About an hour and a half into the drive we heard silence, so jackass clearly ate the cheese.
Steve and Maxwell were perfect little angels. I put them in their crates, covered them with blankets, and just ignored them until we arrived in Nashville. Fed them, dealt with the litter, put down new pee pads and apologized for shipping them like this, and they seemed fine.
Joelle and I had a relaxing ride otherwise, although we did have a minor disagreement. I previously believed and somewhat still do believe but I will not say it out loud that five miles distance at highway speeds of 70+ is not enough time for one to cycle from “I could use the bathroom in a bit” to “IF YOU DO NOT PULL OVER NOW I AM GOING TO RUIN THE LEATHER.”
When I said that didn’t seem like enough of a warning I was told to “GET A UTERUS AND GET BACK TO ME.” I’m not going to do that so next time I will just pull over immediately when informed someone might need the facilities in a bit.

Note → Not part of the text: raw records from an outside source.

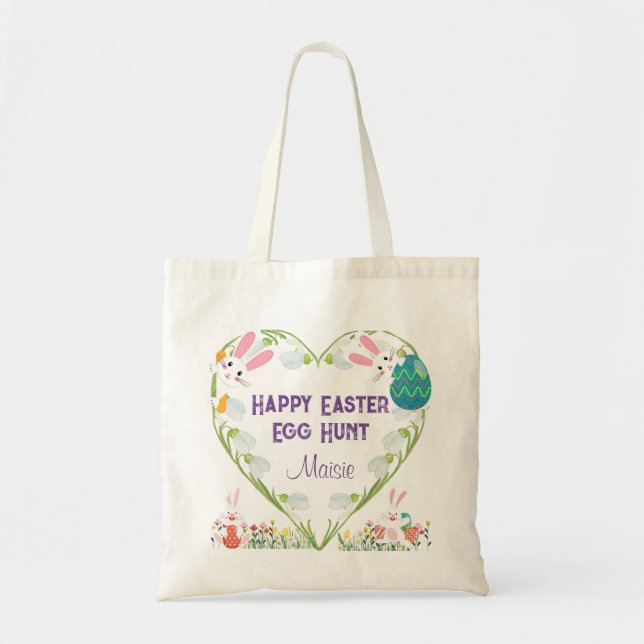 Joli sac de chasse aux oeufs de Pâques | Bunnies | (Devant)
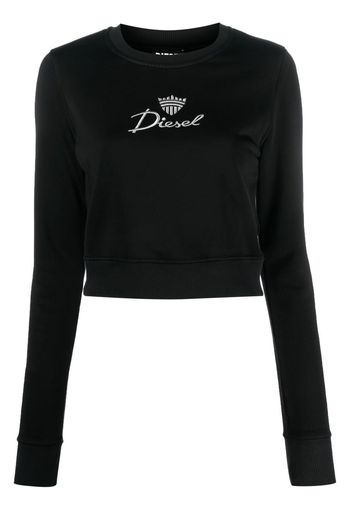 Diesel logo-embroidered long-sleeved top - Nero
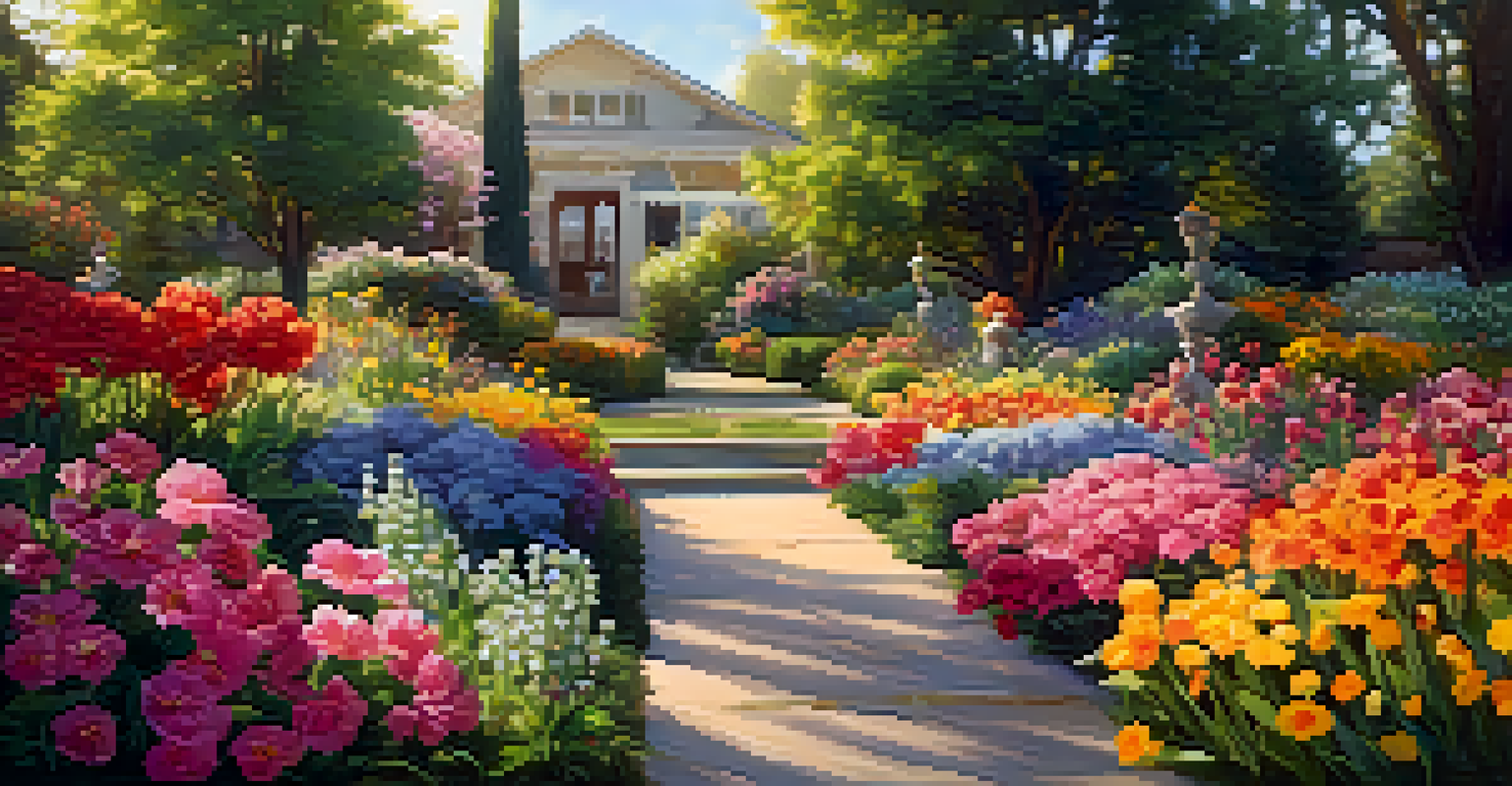 A colorful blooming garden with sunlight filtering through flowers, symbolizing growth and connection.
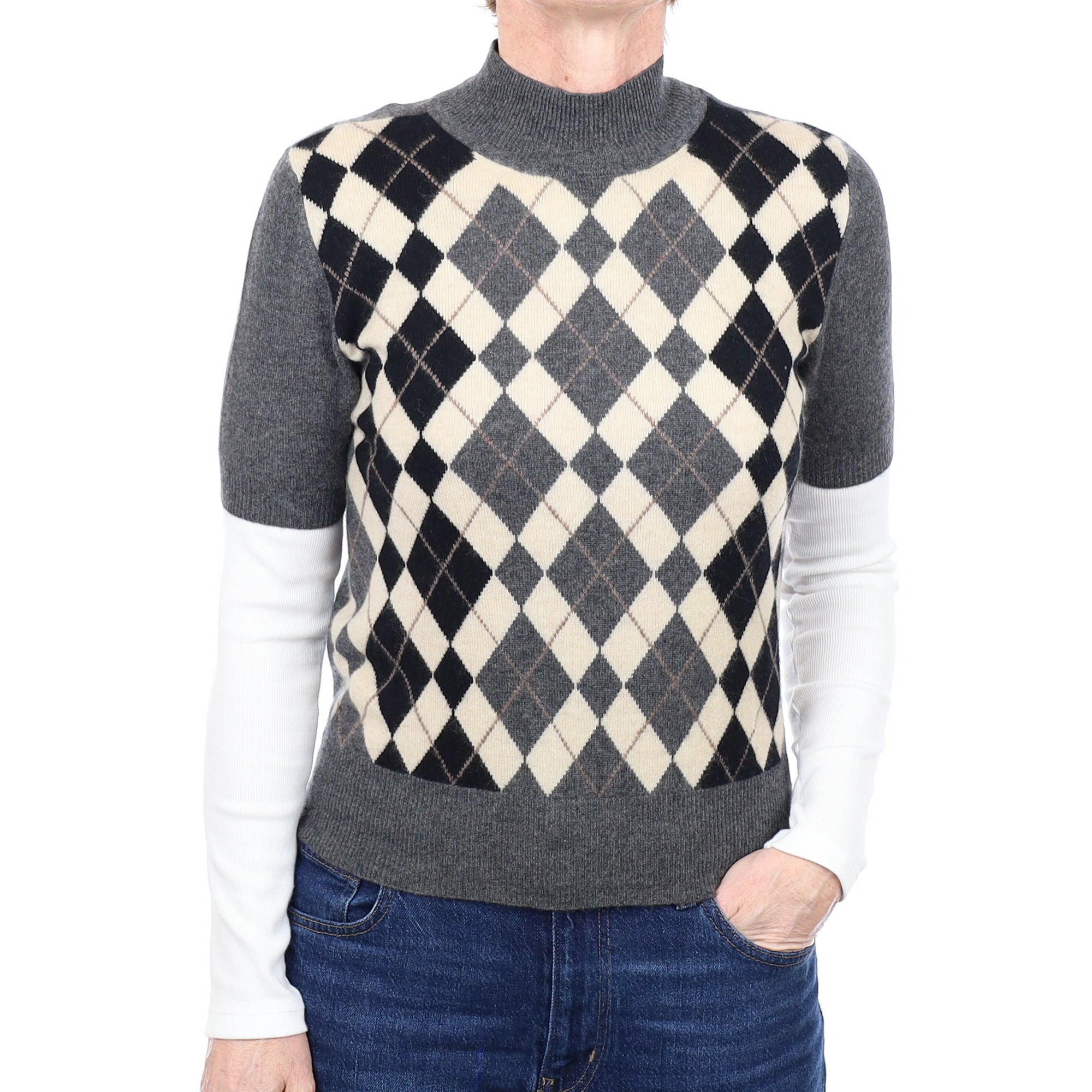 Grey Diamond Pattern Cashmere Short Sleeved Turtle Neck Small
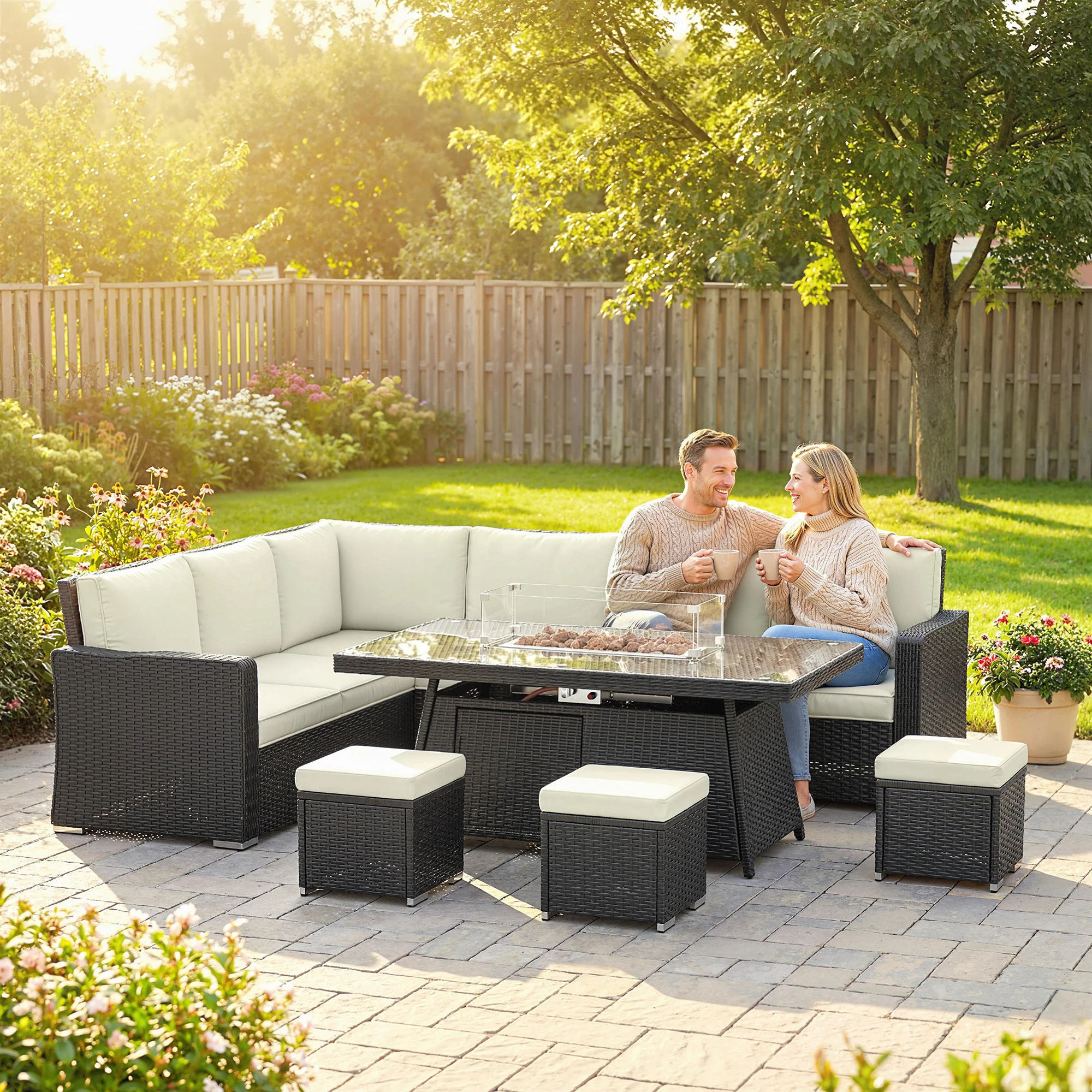 Outsunny 7 Pieces Rattan Garden Furniture Set W/ 50,000 BTU Fire Pit Table - Image 2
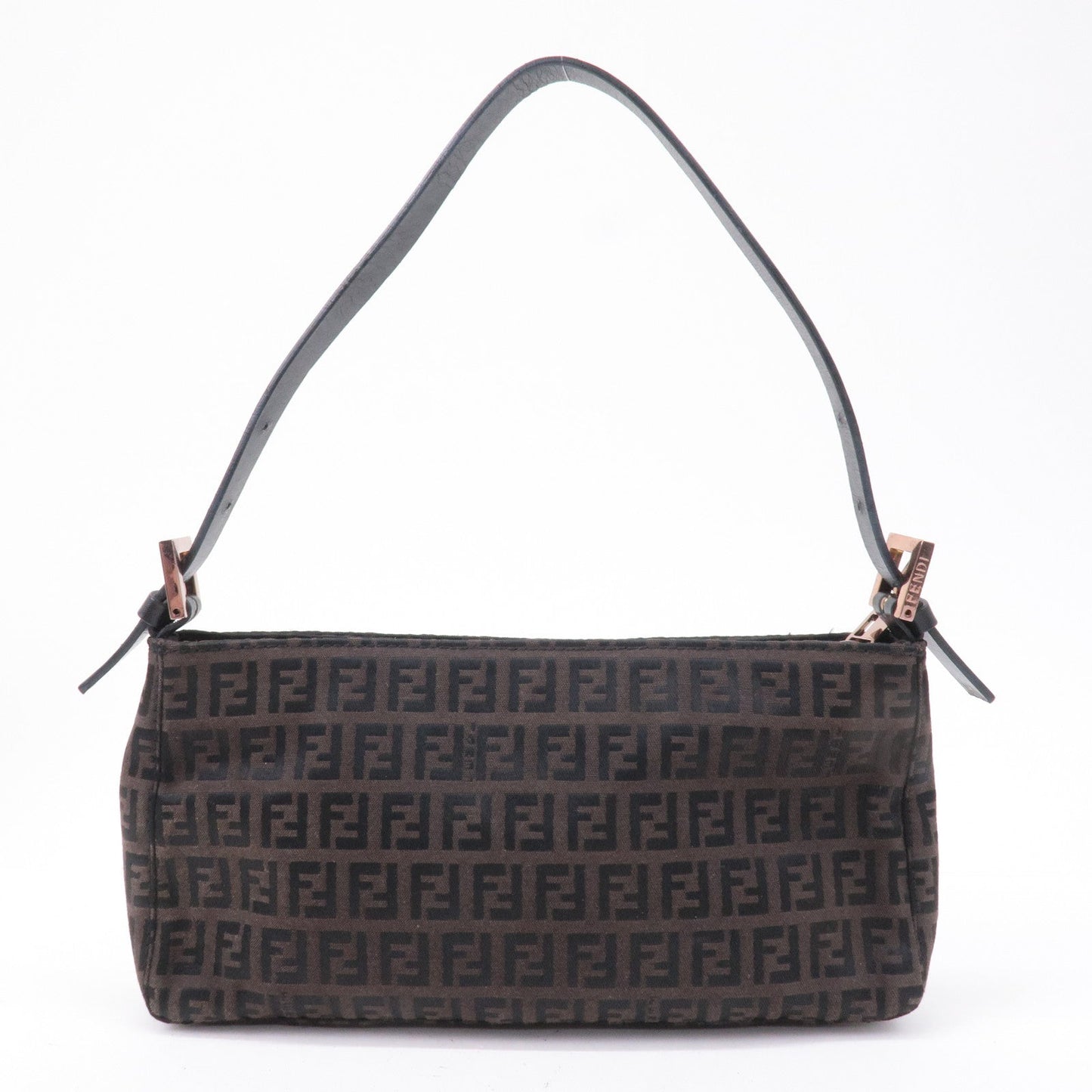 FENDI Zucchino Canvas Leather Shoulder Bag Brown Black 8BR042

We ate at a little dumpling place, which was good, and she had a massive rum drink that was set on fire. I made do with water and my fiery demeanor.
Tomorrow’s drive is only six hours, and tomorrow is the fancy place with the hot tub and we can check in early, so I want to be on the road by 6:30 to 7 am so we can get there, and then just have a nice relaxing afternoon and night.
BTW- people of fucking Kentucky and Tennessee- how about you all elect some Democrats, pay some fucking taxes, and expand Route 65 you fucking monsters.
rikyrah
Glad to know that this part of the journey has been good, Cole🤗
rikyrah
I love this actress.
She has been doing an arc on TikTok as Mrs. Claus.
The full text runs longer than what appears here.